The decision on Friday followed a request from the office of the prosecutor general, which cited a video Mr Bolsonaro had posted "questioning the regularity of the 2022 presidential elections" that he lost to former president Luiz Inacio Lula da Siva.
By doing so, Mr Bolsonaro "would have publicly incited the commission of a crime," the PGR said.
Thousands of the former president's supporters, known as "bolsonaristas", invaded the seats of government in Brasilia on Sunday, breaking windows and furniture, destroying priceless works of art and leaving behind graffiti messages calling for a military coup.
The Bolsonaro video was posted online two days after the storming of the presidency, Congress and Supreme Court, and later deleted.
The PGR said that even though the video came after the uprising, it may serve as "a probative connection" that justified "a global investigation of the acts performed before and after January 8, 2023 by the defendant".
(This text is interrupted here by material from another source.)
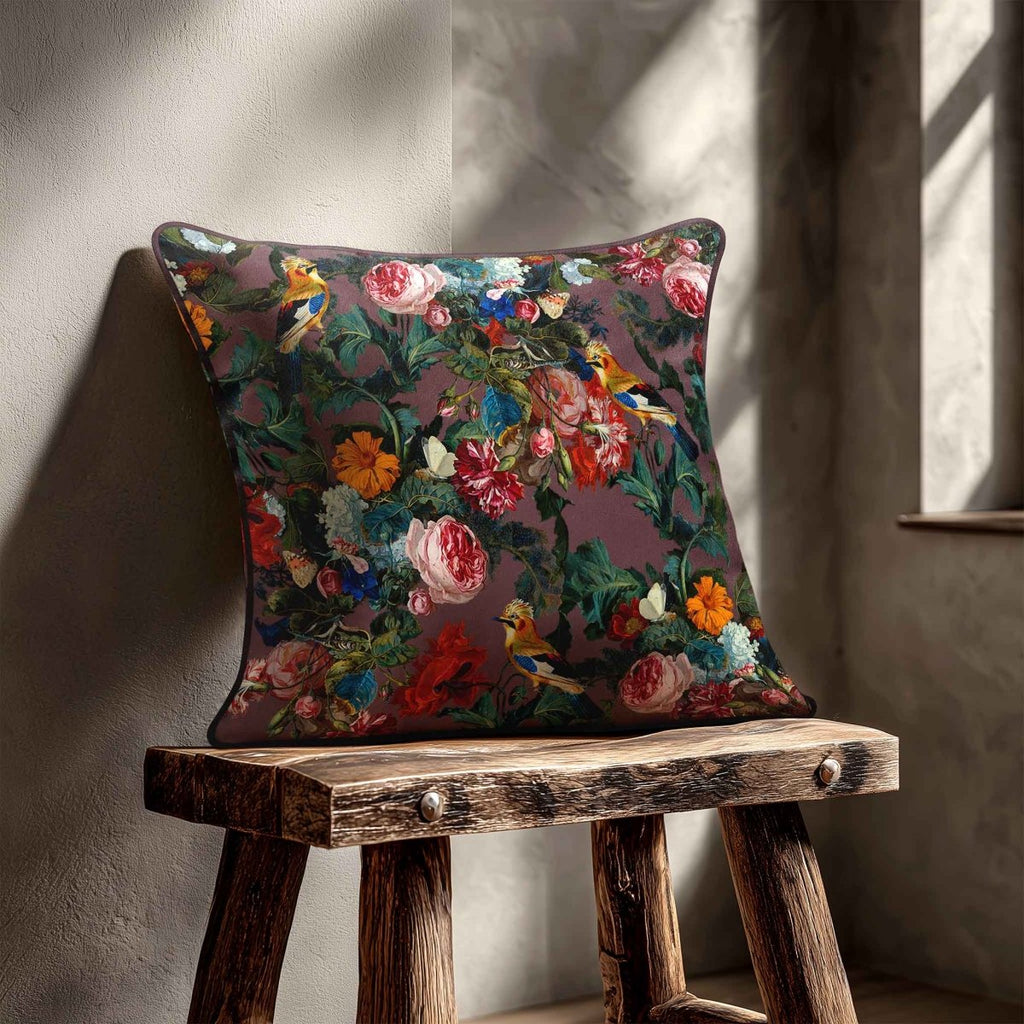 Birds in Paradise | Sustainable Velvet Cushion - Italian Grape 40 x 40 cm Standard by Izabela Peters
Supreme Court Judge Alexandre de Moraes approved Mr Bolsonaro's inclusion in the probe into what the PGR said was the "instigation and intellectual authorship" of the rioting.
In a note seen by AFP on Friday, Mr Bolsonaro's defence lawyers denied any involvement by the ex-president.
Mr Bolsonaro "never had any relationship or participation in these movements," the note said, blaming the violence on "infiltrators".
Mr Bolsonaro had for years sought to cast doubts on the reliability of Brazil's internationally praised election system, and had suggested he would not accept a defeat.
He never publicly acknowledged Mr da Silva's victory, and left for the United States, where he remains, two days before his successor's inauguration on January 1.
As they move to identify the masterminds and financiers of the violent uprising that invited many parallels with the January 6, 2021 storming of the US Capitol, Brazilian authorities have also tightened the screws on Bolsonaro's last justice minister, Anderson Torres.
Mr Torres, who was also in the United States when the riots happened, was arrested early on Saturday on his return to Brasilia.
The Supreme Court had issued warrant against him for alleged "collusion" with the rioters, and he stands accused of "omission" in his most recent job as security chief for the capital. He was fired after the riots.
Brazil's Federal Police said Mr Torres "was arrested upon landing at Brasilia Airport and sent to custody, where he will remain at the disposal of Justice. The investigation remains confidential."
The Folha de S Paulo daily reported that Mr Torres had made an initial court appearance, and was expected to give testimony next week. He was being held at a military police facility.
Mr da Silva's new Justice Minister, Flavio Dino, on Friday confirmed the discovery at Mr Torres' home of a draft decree proposing emergency steps for the possible "correction" of the October election, which Mr da Silva won by a razor-thin margin.
The draft bears Mr Bolsonaro's name, but Mr Dino said the authorship was unknown. It is not known if it was compiled before or after the election.
He said the document connected the dots between Mr da Silva's October 30 election victory and the January 8 riots.
The President and the Justice Minister have both said the violence could not have happened without collusion from members of the security forces.
Mr Torres said on Twitter that the draft had been taken "out of context" to "feed false narratives" against him.
Mr Torres and Mr Bolsonaro have both denied involvement in the January 8 riots.